Аза, сеттер-гордон хороших кровей, работала на ровном галопе, несколько бесстрастно, но совершенно четко, без ошибок. Вежливая собачка влюбленно поглядывала, ожидая указаний, на высокую фигуру хозяина: битую птицу приносила — что в те годы становилось уже редкостью, брала мягким прикусом и, кто бы ни стрелял, отдавала в руки хозяина.
Николай Гаврилович стрелял с поводком, очень хорошо, однако редко — уступал гостям. Николай Николаевич горячился и частенько мазал — впрочем, не огорчался, тут же забывал эти мелкие неудачи. У меня к тому времени была большая практика в стрельбе, я «геройствовал». Однако жадности ни у кого из нас не было, и, взяв по паре птиц — редко больше — на каждого, мы кончали охоту и шли в уютную квартиру Гаврилыча.
Обед был простой, чисто русский, по-крестьянски обильный и очень вкусный — мастерица в этом деле была жена Николая Гавриловича. А он традиционно угощал нас из малюсеньких серебряных рюмочек ароматнейшей наливкой собственного производства, называемой им — так я и не узнал почему — синтифарисом.
После обеда мы отдыхали в маленькой, аптечно чистой комнатке. Просили Николая Гавриловича спеть. Он пел замечательно, прямо сказать талантливо, чистейшим высоким голосом. Пел песни по-теперешнему уже старинные: «Как со вечера пороша выпадала хороша», «Не белы снеги», «Окрасился месяц багрянцем» и многие другие. На наши похвалы отзывался так: «Все стеклодувы певучие, дуют, дуют — легкие-то и раздуют. Это спокон веку».
Примерно через год я вспомнил его слова.
Пришлось быть в командировке на стекольном заводе в Малой Вишере. В солнечный летний день меня провели в гуту — главный корпус. Подходя, я услышал пение; когда вошел — увидел и запомнил на всю жизнь. Под высоким, похожим на цирковой, куполом круглая печь с пылающими окошками. Вокруг нее на помосте стеклодувы. Они просовывают длинные трубки в окошки, поворачивают несколько раз, навивают яркий ком, идут на край помоста, покачивая трубку, раздувают постепенно «баночку», опустив ее вниз и покачивая, в большую продолговатую бутылку-халяву. Когда она готова, подручный — там, внизу, — отрезает ее от трубки и на столе разворачивает в лист оконного стекла.

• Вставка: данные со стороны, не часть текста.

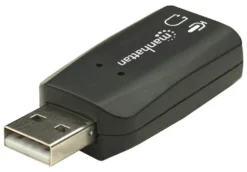 Scheda audio Manhattan 150859 Iusb Dac 879 Black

Работают ладно, спорко и поют. Запевают, когда освободятся временно губы, примолкают, раздувая «баночку», и вновь запевают. Незаметно — когда замолкает певец, хорошо слышно, когда он вновь вступает в хор. Прекрасные, сильные голоса, то высокие, как всплеск неземной радости, то низкие, как земная печаль. Не замолкая, звучит протяжная песня, и кажется, что она светло и округло плавает под высоким куполом.
Рассказал про эту поездку Гаврилычу. Он чуть не прослезился, вспоминая молодость.
Мы еще не раз ходили за Политехнический к Буграм и Девяткину с Николаем Николаевичем, Николаем Гавриловичем и его чудесной собачонкой Азой. Но наши выходы становились все реже и реже, Николай Николаевич вообще почти перестал охотиться. Тогда, в начале 30-х годов, он был перегружен хлопотами по воплощению своей мечты — организации Института химической физики. Дисциплина «физическая химия» давно была известна, а «химическая физика» — придумана Семеновым. Он воплотил ее не только в виде нового института, но и нового отдела науки. Название звучало странно и непривычно. У Семенова в этом институте его ученики Кондратьев и Харитон; по-прежнему, как когда-то в Лебяжьем, про него и про них шуточные стихи поэта нашей компании — моего брата Юрия:
Война. Перемена жизни, всем свои заботы, всякое общение, помимо служебного, сведено на нет.
Я на своей кафедре в Лесотехнической академии. По телефону голос Николая Николаевича:
— Мы тут организовали Ленинградский комитет ученых в помощь фронту. Считайте, что вы член нашего комитета. Я председатель. К вам просьба: организовать для Абрама Федоровича проверку одной идеи его лаборатории, он скоро у вас будет.